Gauss積分の一般化

指数法則を使うと，$$\begin{array}{rl}& {\int }_{-\mathrm{\infty }}^{\mathrm{\infty }}\exp \left(\sum _{k=0}^{2m}{c}_k{x}^k\right)dx=e^{c_0}{\int }_{-\mathrm{\infty }}^{\mathrm{\infty }}{e}^{c_{2m}{x}^{2m}}\exp \left(\sum _{k=1}^{2m-1}{c}_k{x}^k\right)dx\end{array}$$となり, 指数関数のMaclaurin展開及び，多項定理から, $$\begin{array}{rl}& \exp \left(\sum _{k=1}^{2m-1}{c}_k{x}^k\right)\\ & =\sum _{n=0}^{\mathrm{\infty }}{\displaystyle \frac{1}{n!}}{\left(\sum _{k=1}^{2m-1}{c}_k{x}^k\right)}^n\\ & =\sum _{n=0}^{\mathrm{\infty }}{\displaystyle \frac{1}{n!}}\sum _{a_1+\cdots +a_{2m-1}=n}{\displaystyle \frac{n!}{a_1!\cdots a_{2m-1}!}}(c_{1}x{)}^{a_1}\cdots (c_{2m-1}{x}^{2m-1}{)}^{a_{2m-1}}\\ & =\sum _{(a_1,\dots ,a_{2m-1})\in {\mathbb{N}}_0^{2m-1}}{\displaystyle \frac{c_1^{a_1}\cdots c_{2m-1}^{a_{2m-1}}}{a_1!\cdots a_{2m-1}!}}{x}^{a_1+2a_2+\cdots +(2m-1)a_{2m-1}}\\ & =\sum _{(a_1,\dots ,a_{2m-1})\in {\mathbb{N}}_0^{2m-1}}{x}^{a_1+2a_2+\cdots +(2m-1)a_{2m-1}}\prod _{k=1}^{2m-1}{\displaystyle \frac{c_k^{a_k}}{a_k}}\end{array}$$　となります.

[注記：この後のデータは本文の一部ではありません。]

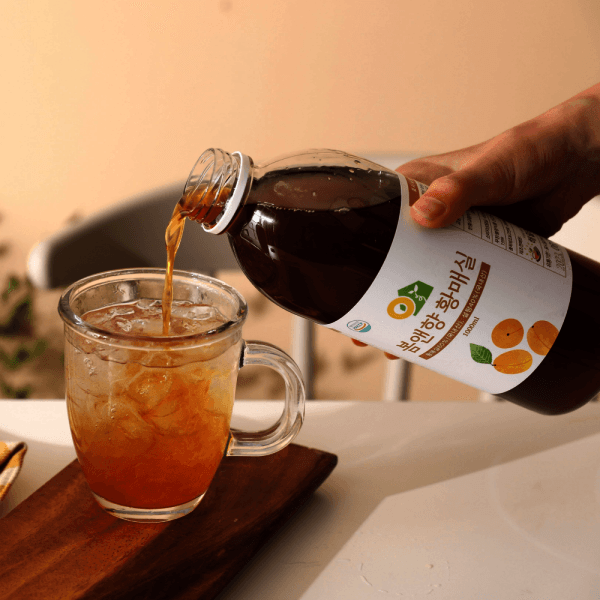 봄앤향 봄앤향 하동 황매실청 1000ml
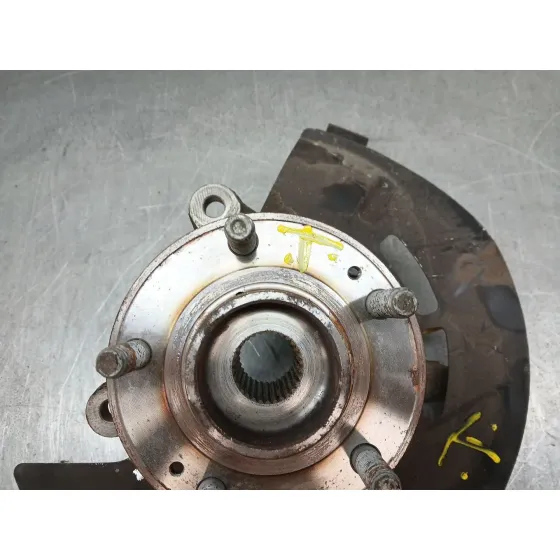 Mangueta Delantera Izquierda para Hyundai Tucson (Tl, Tle)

これを代入して, 積分と無限和の順序交換を行うと, $$\begin{array}{rl}& {\int }_{-\mathrm{\infty }}^{\mathrm{\infty }}\exp \left(\sum _{k=0}^{2m}{c}_k{x}^k\right)dx\\ & =e^{c_0}\sum _{(a_1,\dots ,a_{2m-1})\in {\mathbb{N}}_0^{2m-1}}\prod _{k=1}^{2m-1}{\displaystyle \frac{c_k^{a_k}}{a_k}}{\int }_{-\mathrm{\infty }}^{\mathrm{\infty }}{e}^{c_{2m}{x}^{2m}}{x}^{a_1+2a_2+\cdots +(2m-1)a_{2m-1}}dx\\ & =e^{c_0}\sum _{(a_1,\dots ,a_{2m-1})\in {\mathbb{N}}_0^{2m-1}}\left(\prod _{k=1}^{2m-1}{\displaystyle \frac{c_k^{a_k}}{a_k}}\right){\displaystyle \frac{1+(-1{)}^{a_1+2a_2+\cdots +(2m-1)a_{2m-1}}}{2m}}\\ & \times {(-c_{2m})}^{-(1+a_1+2a_2+\cdots +(2m-1)a_{2m-1})/2m}\\ & \times \mathrm{\Gamma }\left({\displaystyle \frac{1+a_1+2a_2+\cdots +(2m-1)a_{2m-1}}{2m}}\right)\end{array}$$ となります. ここで，途中に出てくる$1+(-1{)}^{a_1+2a_2+\cdots +(2m-1)a_{2m-1}}$の部分を見ると，$a_1+2a_2+\cdots +(2m-1)a_{2m-1}$が奇数だと0になるため，これが偶数になる部分だけ取ればよく, $$\begin{array}{rl}& \sum _{k=1}^{2m-1}k{a}_k\equiv 0(\mathrm{mod}.2)\\ ⟺& \sum _{k^{\prime }=1}^m(2k^{\prime }-1)a_{2k^{\prime }-1}+\sum _{k^{″}=1}^{m-1}2k^{″}{a}_{2k^{″}}\equiv 0(\mathrm{mod}.2)\\ ⟺& \sum _{k^{\prime }=1}^m{a}_{2k^{\prime }-1}\equiv 0(\mathrm{mod}.2)\end{array}$$　この条件の下では，$1+(-1{)}^{a_1+2a_2+\cdots +(2m-1)a_{2m-1}}=2$なので, それを適用し，総和・総乗記号を使ってまとめれば, $$\begin{array}{rl}& {\int }_{-\mathrm{\infty }}^{\mathrm{\infty }}\exp \left(\sum _{k=0}^{2m}{c}_k{x}^k\right)dx\\ =& {\displaystyle \frac{e^{c_0}{(-c_{2m})}^{-1/(2m)}}{m}}\\ \times & \sum _{\begin{array}{c}(a_1,\dots ,a_{2m-1})\in {\mathbb{N}}_0^{2m-1}\\ a_1+a_3+\cdots +a_{2m-1}\equiv 0\\ \left(\mathrm{mod}.2\right)\end{array}}\mathrm{\Gamma }({\displaystyle \frac{1}{2m}}+{\displaystyle \frac{1}{2m}}\sum _{k=1}^{2m-1}k{a}_k)\prod _{\ell =1}^{2m-1}{\displaystyle \frac{c_{\ell }^{a_{\ell }}{(-c_{2m})}^{-\ell a_{\ell }/(2m)}}{a_{\ell }!}}\end{array}$$が分かりました.